Os impactos do Novo Estatuto (Lei n.º 13.146/2015) e das mudanças na Legislação Processual Civil para as pessoas com deficiência



No mês de janeiro deste ano, entrou em vigor o Estatuto da Pessoa com Deficiência, também conhecido como Lei Brasileira de Inclusão da Pessoa com Deficiência, assegurando direitos e liberdades de forma mais ampla a essa parcela da população, garantindo-lhe mais igualdade, mais dignidade, mais prioridades e representando um grande avanço para a sociedade como um todo.

Entre outras coisas, o Estatuto dispõe sobre o direito à vida, o acesso à educação inclusiva, saúde, moradia, trabalho, cultura, esporte, lazer, mobilidade, informação, tecnologia etc; as punições mais severas às discriminações; a possibilidade de se recorrer ao FGTS para órtese ou prótese prescrita a promover a acessibilidade; a obrigatoriedade das empresas de táxis a reservarem 10% das vagas para condutores deficientes, bem como os estacionamentos a reservarem 2% ou, no mínimo, uma vaga para esta finalidade, e os hotéis a terem 10% dos dormitórios acessíveis, ou ao menos, uma unidade garantida; etc.

Além disso, assegura o direito de vivenciar, constituir uma família, exercer direitos sexuais e reprodutivos, de ir e vir, de se comunicar e ter acesso à informação, tudo para exercer melhor a cidadania sem sofrer preconceitos e discriminações.
Ou seja, a nova lei visa uma vida independente, a autonomia e o exercício de todos os direitos fundamentais da pessoa com deficiência, do nascimento ao envelhecimento, equiparando a falta de acessibilidade à discriminação, de modo a conscientizar todos de um novo modelo social.

Por força das disposições do referido Estatuto e do Novo Código de Processo Civil, muitas coisas foram alteradas no mundo jurídico, diante da grande repercussão e impactos, principalmente, no direito civil e processual, dentre os quais destaca-se que não há mais absolutamente incapazes maiores, sendo que somente haverá a curatela (inclusive, compartilhada) e interdição nos casos de alcoólatras, viciados em tóxicos, pessoas que, por causa transitória ou definitiva, não puderem exprimir vontade, e pródigos.

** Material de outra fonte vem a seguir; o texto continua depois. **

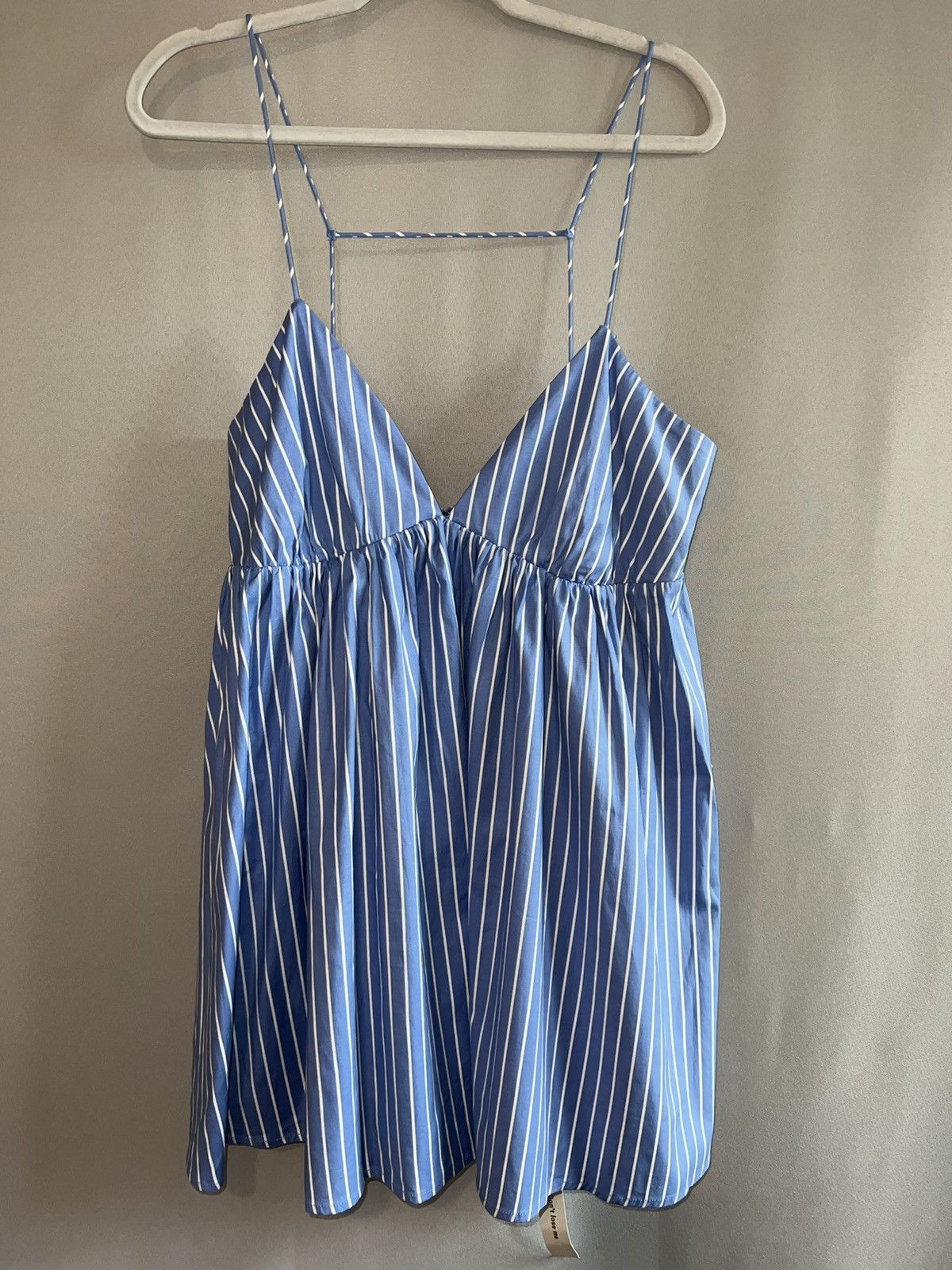 Reformation Reformation Amara Dress Stripe Blue White Mini Size XL NWT Size XL / US 12-14 / IT 48-50 - 1 Thumbnail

A partir do Novo Código de Processo Civil, a interdição pode ser promovida, além do cônjuge ou companheiro e dos parentes ou tutores, pelo representante da entidade em que se encontra abrigado o interditando, e pelo membro do Ministério Público, em caso de doença mental grave.

No mais, para requerer a interdição, há necessidade de demonstrar a incapacidade do interditando para administrar seus bens e para praticar os atos da vida civil, bem como o momento em que a incapacidade se revelou, certo de que o juiz confirmará todas as informações, por meio de perícia e entrevistas, com o auxílio de uma equipe multidisciplinar, para que, tão somente após esse trâmite, possa determinar na sentença se a interdição será total ou parcial e quais atos da vida civil o interdito poderá praticar sozinho e para as quais necessitará de curatela.

Ao mesmo tempo, uma nova figura de amparo aos deficientes em geral foi introduzida pela nova legislação, qual seja: a tomada de decisão apoiada, que nada mais é que algo menos drástico que a curatela, já que mantém o direito de decisões para as pessoas que possuem deficiência, mas com algum grau de entendimento, podendo ela participar no comando dos atos de sua vida.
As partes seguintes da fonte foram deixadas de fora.